VON MICHAEL BLUHM UND ANDREAS NOHLEN
NIEDERRHEIN | Die Handball-Verbandsliga, sportliche Heimat der HSG Wesel, hat ihren zweiten Absteiger vorzeitig gefunden. Nach dem Hülser SV, der zum Saisonstart gar nicht erst angetreten war, hat nun der SV Neukirchen angekündigt, sich nach dieser Saison aus der Verbandsliga zurückzuziehen und in der Landesliga einen Neustart anzugehen. SVN-Abteilungsleiter Gregor Baar: „Der Handball-Verband-Niederrhein ist bereits informiert, wir werden alle Vorgaben fristgerecht und formell einhalten.“
„Das ist überraschend, ändert aber nichts an unseren Zielen“, sagt Christian Weber, Teammanager der immer noch mit 4:26 Punkten am Tabellenende rangierenden HSG Wesel. „Wir sind nicht blauäugig und müssen ohnehin zweigleisig planen. Denn auch jetzt noch könnte es durch die Konstellationen in den oberen Ligen bei uns zu einem vermehrten Abstieg in die Landesliga kommen.“ Weber weiter: „Ich bin aber auch der Meinung, dass wir ohne Schützenhilfe noch ein, zwei Mannschaften hinter uns lassen können. Die Jungs machen das im Rahmen ihrer Möglichkeiten schon erstaunlich gut.“
Der SV Neukirchen ist zu diesem krassen Schritt ein Stück weit gezwungen worden.

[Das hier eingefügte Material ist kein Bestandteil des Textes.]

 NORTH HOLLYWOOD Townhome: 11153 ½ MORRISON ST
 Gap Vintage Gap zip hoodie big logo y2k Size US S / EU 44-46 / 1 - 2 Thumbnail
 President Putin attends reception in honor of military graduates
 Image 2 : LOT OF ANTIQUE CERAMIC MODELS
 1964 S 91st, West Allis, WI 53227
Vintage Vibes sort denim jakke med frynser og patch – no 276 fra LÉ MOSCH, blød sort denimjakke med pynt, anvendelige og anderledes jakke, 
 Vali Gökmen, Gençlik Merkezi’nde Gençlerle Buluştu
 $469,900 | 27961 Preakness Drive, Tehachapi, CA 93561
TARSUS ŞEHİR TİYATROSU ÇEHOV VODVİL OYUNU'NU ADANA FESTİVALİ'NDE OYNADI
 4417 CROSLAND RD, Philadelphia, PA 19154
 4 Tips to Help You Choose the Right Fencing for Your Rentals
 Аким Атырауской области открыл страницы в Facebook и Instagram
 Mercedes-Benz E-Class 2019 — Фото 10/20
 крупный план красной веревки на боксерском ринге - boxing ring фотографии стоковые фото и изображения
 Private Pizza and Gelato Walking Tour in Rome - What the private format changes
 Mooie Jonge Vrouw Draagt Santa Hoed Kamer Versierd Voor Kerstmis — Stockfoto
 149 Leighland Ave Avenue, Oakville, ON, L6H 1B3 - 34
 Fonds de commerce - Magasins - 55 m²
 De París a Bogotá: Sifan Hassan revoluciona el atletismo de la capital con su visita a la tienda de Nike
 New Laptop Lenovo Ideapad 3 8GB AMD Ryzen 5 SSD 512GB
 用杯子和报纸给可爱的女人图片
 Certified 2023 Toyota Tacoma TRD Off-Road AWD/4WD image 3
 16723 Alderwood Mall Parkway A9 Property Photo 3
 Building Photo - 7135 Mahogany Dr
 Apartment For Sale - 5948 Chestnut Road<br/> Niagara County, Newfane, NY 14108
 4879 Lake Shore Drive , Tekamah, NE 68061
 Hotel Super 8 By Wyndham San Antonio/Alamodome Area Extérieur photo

Die Bedingungen in der neuen Sporthalle an der Gerhard-Tersteegen-Schule stimmen einfach nicht. Zu den vergangenen beiden Heimspielen kamen nur 18 und 29 zahlende Zuschauer. So fehlen wichtige Eintrittsgelder sowie Einnahmen aus Catering. Zudem ist die Halle ein emotionales Desaster. Keine Tribüne, nur Stehplätze hinter einer Plexiglasscheibe – wie soll da Stimmung aufkommen? Mal abgesehen davon, wie sich Sponsoren präsentieren könnten.
„Uns allen tut dieser Schritt unglaublich weh“, sagt Gregor Baar. „Wir überlegen schon seit vergangenem Dezember, haben alle Szenarien oft und immer wieder durchgekaut. Es ist besser jetzt und mit Anstand diesen schmerzlichen Schritt zu tätigen, als später und wenn es zu spät ist. Wir sind zwar aktuell wirtschaftlich noch gut aufgestellt, aber auf Dauer können wir ohne Einnahmen nicht überleben.“
Der SV Neukirchen, derzeit mit 11:17 Punkten auf Rang zehn, hat noch versucht, eine schlagkräftige Mannschaft für die Verbandsliga auf die Beine zu stellen. Doch alle Gespräche sind im Sande verlaufen. Potenzielle Neuzugänge haben aufgrund der stimmungstötenden Halle und auch wegen des Harzverbotes abgewunken. „Wir sind an unsere Grenzen gestoßen“, so Baar.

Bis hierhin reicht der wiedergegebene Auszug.